856 N.E.2d 1203 (Ind. 2006)

Shawn A. PRICKETT, Appellant (Defendant below),


STATE of Indiana, Appellee (Plaintiff below).

No. 06S04-0509-CR-413.

Supreme Court of Indiana

November 21, 2006

Appeal from the Boone County Superior Court I, No. 06D01-0110-CF-0107, The Honorable Matthew C. Kincaid, Judge

On Petition To Transfer from the Indiana Court of Appeals, No. 06A04-0410-CR-00553

Page 1204

[Copyrighted Material Omitted]

Page 1205

Attorney for Appellant, Sarah L. Nagy Indianapolis, Indiana

Attorneys for Appellee, Steve Carter Attorney General of Indiana, Grant H. Carlton Deputy Attorney General

Sullivan, Justice.

Defendant Shawn Prickett was convicted of child molesting for having sex with a 13-year-old girl. The presumptive sentence for this crime is 30 years. Prickett was sentenced to 40 years and ordered to pay restitution and register as a sex offender. He contends that the evidence at his trial was insufficient to support his conviction, but we find that there was ample evidence to support the jury's verdict. He also argues that the restitution and registration orders were imposed absent jury findings required by Blakely v. Washington, 542 U.S. 296, 124 S.Ct. 2531, 159 L.Ed.2d 403 (2004), but we hold that Blakely imposes no such requirement. We do agree with Prickett that the factors relied on by the trial court did not justify increasing the sentence above 30 years.
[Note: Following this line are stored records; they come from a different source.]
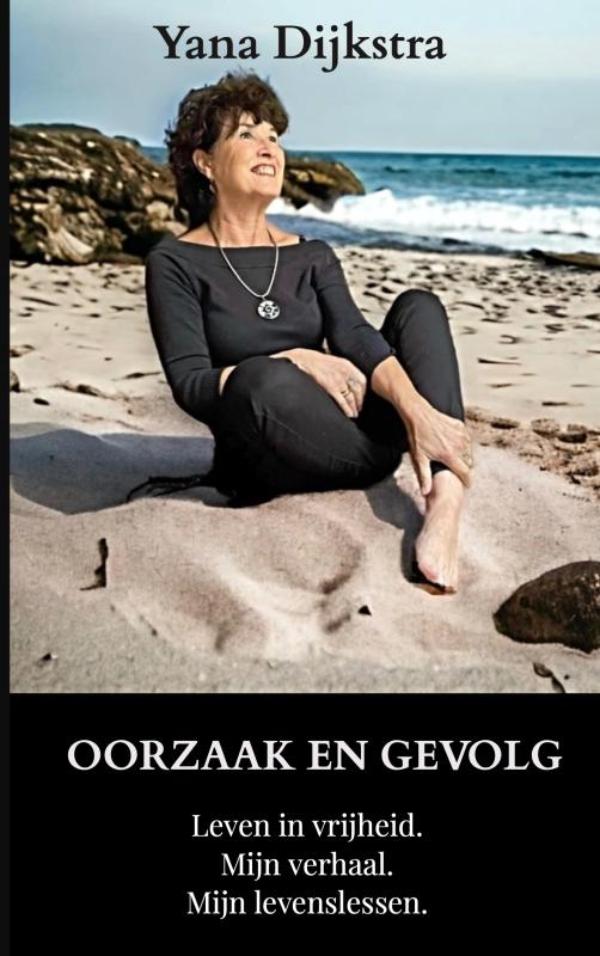 Omslag van Oorzaak en Gevolg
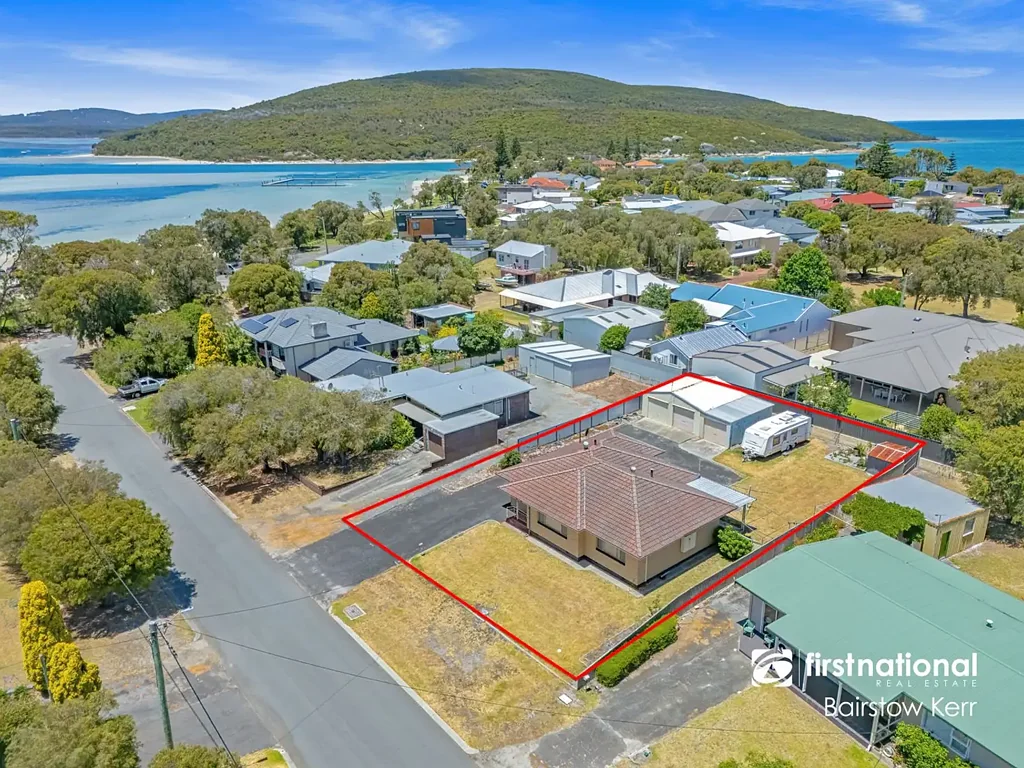 7 Bedwell Street, Emu Point, WA 6330
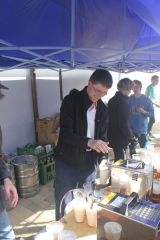 Fotogalerie Oslavy 70. výročí založení SDH, foto č. 60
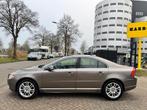 Volvo S80 2.5 T Momentum|YOUNGTIMER|AUT|LPG|PSENSOR|LEDER|TO, Auto's, 2521 cc, Bedrijf, 1567 kg, Sedan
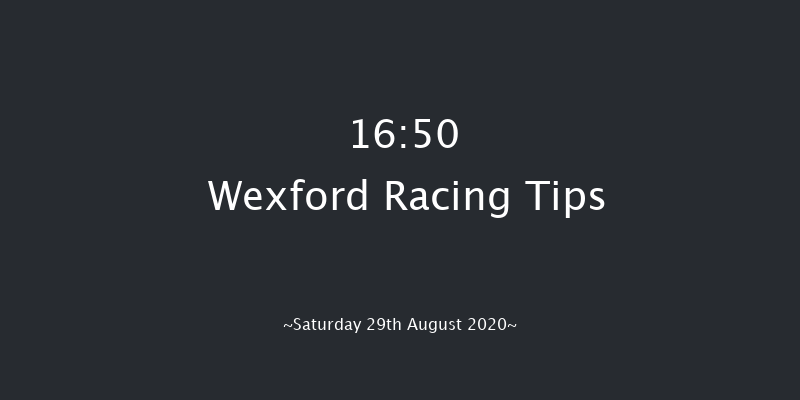 BoyleSports This Is Betting Handicap Chase (0-109) Wexford 16:50 Handicap Chase 25f Wed 5th Aug 2020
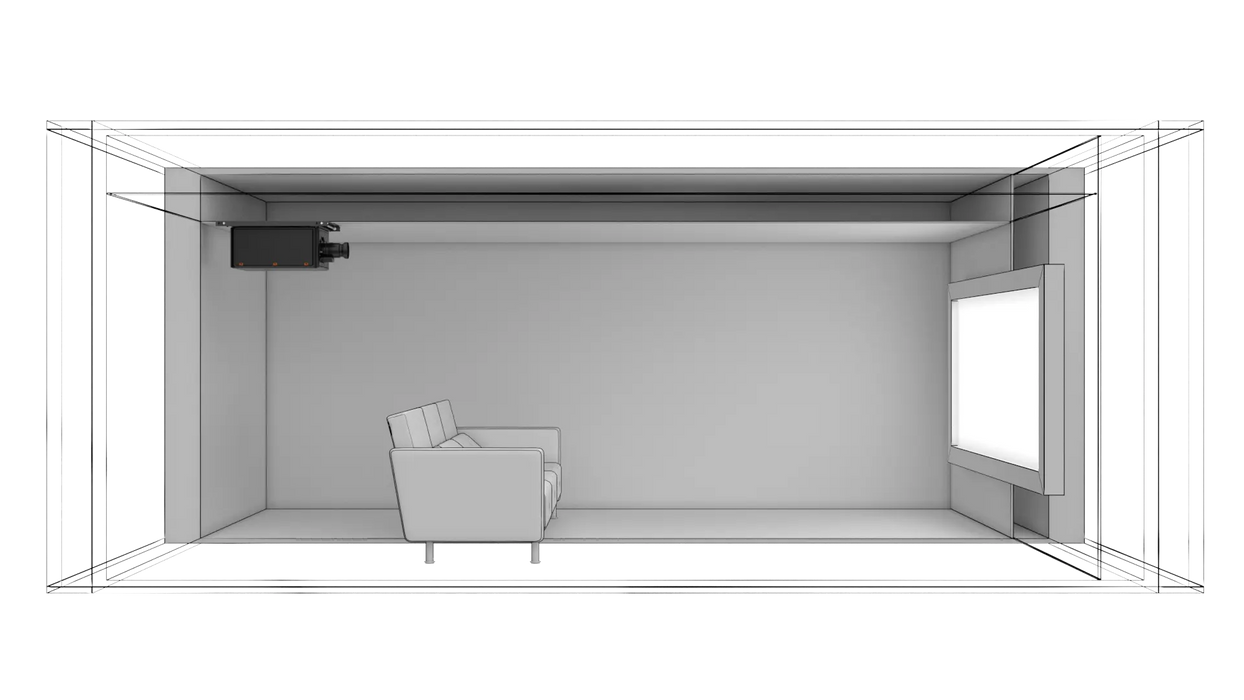 Ceiling Mount - XL - SRND Store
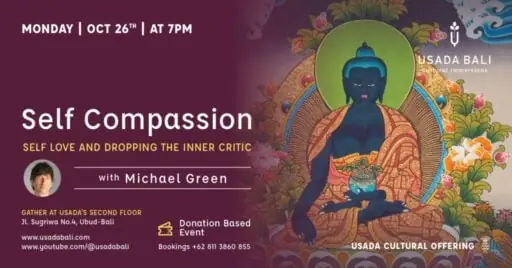 Self Compassion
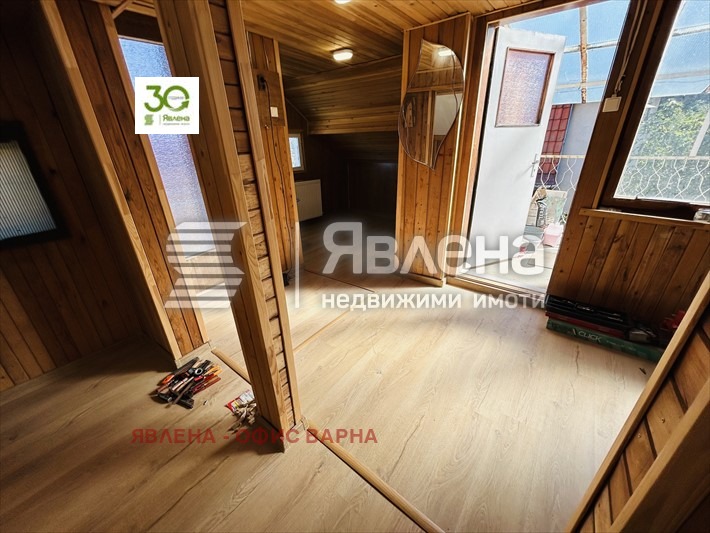 Продава КЪЩА, с. Осеново, област Варна, снимка 15 - Къщи - 48147487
The facts most favorable to the judgment show that on the evening of October 5, 2001, A.M., age 13, went to the house of her friend, M.D. Also at the home that evening were M.D.'s half brother, Shawn Prickett, age 21, and his friends Justin Anderson, Quinn Bailey, and Cassie Wetherald.

Prickett and his three friends were in an upstairs room of the home and were eventually joined by A.M. and M.D. M.D. left the upstairs room shortly after arriving, while A.M. remained alone with Prickett and his friends. At some point after M.D.'s departure, Prickett asked A.M. to remove her clothing. A.M. complied with Prickett's request out of fear. Prickett then removed his own clothing and engaged in sexual intercourse with A.M. as his friends remained in the room and watched. During this encounter, Prickett also touched A.M.'s breast. The encounter ended after Prickett became angry at A.M.'s requests that he stop.
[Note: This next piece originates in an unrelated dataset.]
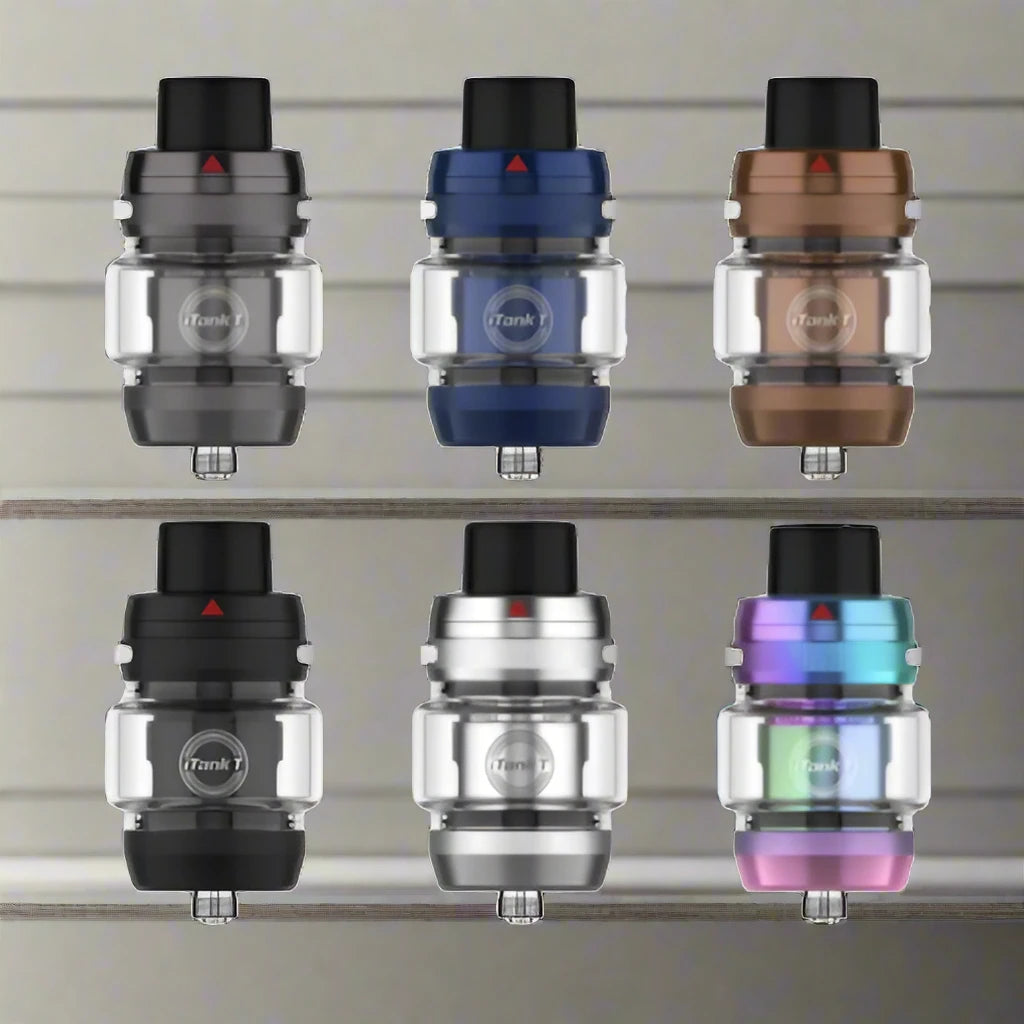 Vaporesso Itank T 6ml Sub-Ohm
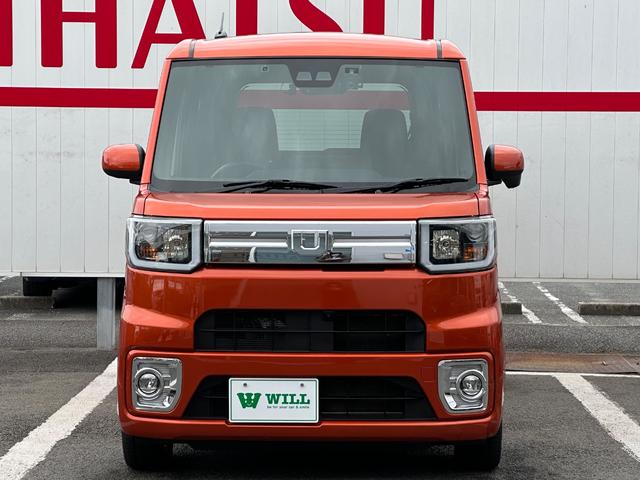 ウェイク GターボリミテッドSAIII /禁煙/ターボ/スマートアシストIII/両側電動スライドドア/パノラマモニター/前後ドライブレコーダー/純正ナビ/ETC/USB・BT接続/ステアリングスイッチ/1年走行距離無制限保証/(14枚目)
A.M. reported this incident to the Lebanon City Police Department on October 14, 2001. Prickett was subsequently charged with one count of Class A felony child molesting and one count of Class C felony child molesting. After a jury trial, Prickett was found guilty on both charges.
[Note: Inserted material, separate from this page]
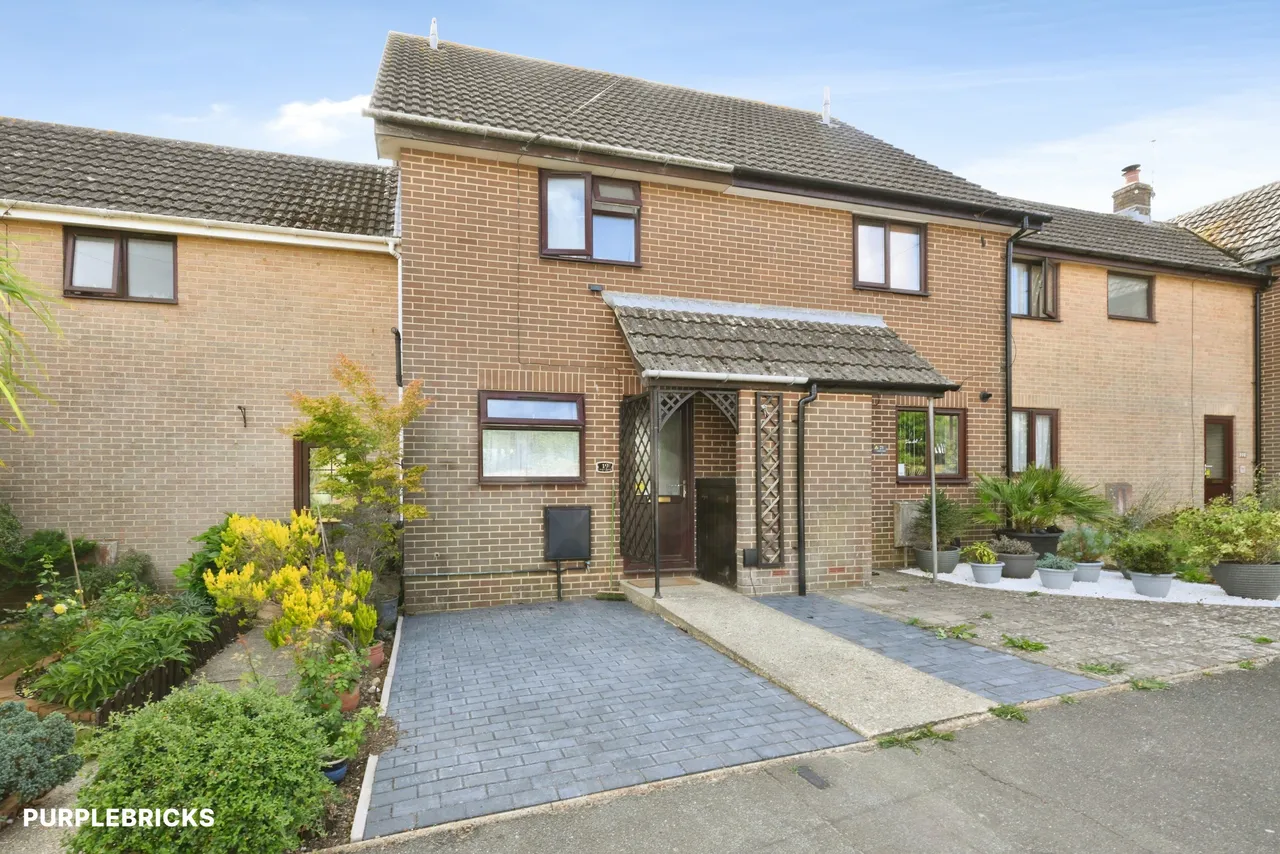 2 bed house for sale, Jeals Lane, Sandown, PO36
At his sentencing hearing, Prickett received a sentence of 40 years for the Class A felony child molesting conviction and a sentence of 8 years for the Class C felony child molesting conviction. The sentencing court enhanced both sentences from their respective 30- and four-year presumptives

Page 1206

on the following aggravating bases: (1) Prickett had been on probation at the time he committed the offenses; (2) he had a previous criminal record; (3) he was in need of correctional and rehabilitative treatment that was best provided by commitment to a penal facility; and (4) his crime was committed forcibly. On balance, the court found no mitigating circumstances. It ordered that the sentences run concurrently. Prickett appealed both his convictions and his sentences.

In an unpublished memorandum decision, the Court of Appeals affirmed both of Prickett's convictions for Class A and Class C felony child molesting. Prickett v. State, No. 06A04-0410-CR-553, slip op., 831 N.E.2d 854 (Ind. Ct. App. 2005) (table). With respect to Prickett's sentence, the court found that it was appropriate given "his extensive criminal history ...." Id., slip op. at 7. Prickett sought, and we granted, transfer. Prickett v. State, 841 N.E.2d 183 (Ind. 2005) (table).


Prickett presents three arguments. He asserts there was insufficient evidence to support his conviction. Prickett also contends that his sentence was unconstitutional because it "exceed[ed] the presumptive sentence established by the Legislature, [and was] based upon aggravating factors not found by a jury." Pet. to Trans. at i. Lastly, Prickett argues that the trial court committed reversible error in ordering him to register as a sex offender and pay restitution to his victim since "there was no independent finding by a jury beyond a reasonable doubt that [his] conduct met the requirements to merit the[se] additional penalt[ies] ...." Id. at 7.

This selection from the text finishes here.